Two dimensional turbulence example

In this example, we initialize a random velocity field and observe its turbulent decay in a two-dimensional domain. This example demonstrates:

  • How to run a model with no tracers and no buoyancy model.
  • How to use computed Fields to generate output.

Install dependencies

First let's make sure we have all required packages installed.

using Pkg
pkg"add Oceananigans, CairoMakie"

Model setup

We instantiate the model with an isotropic diffusivity.

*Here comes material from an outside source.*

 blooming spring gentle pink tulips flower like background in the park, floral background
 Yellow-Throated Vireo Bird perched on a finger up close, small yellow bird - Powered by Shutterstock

We use a grid with 128² points, a fifth-order advection scheme, third-order Runge-Kutta time-stepping, and a small isotropic viscosity. Note that we assign Flat to the z direction.

using Oceananigans

grid = RectilinearGrid(size=(128, 128), extent=(2π, 2π), topology=(Periodic, Periodic, Flat))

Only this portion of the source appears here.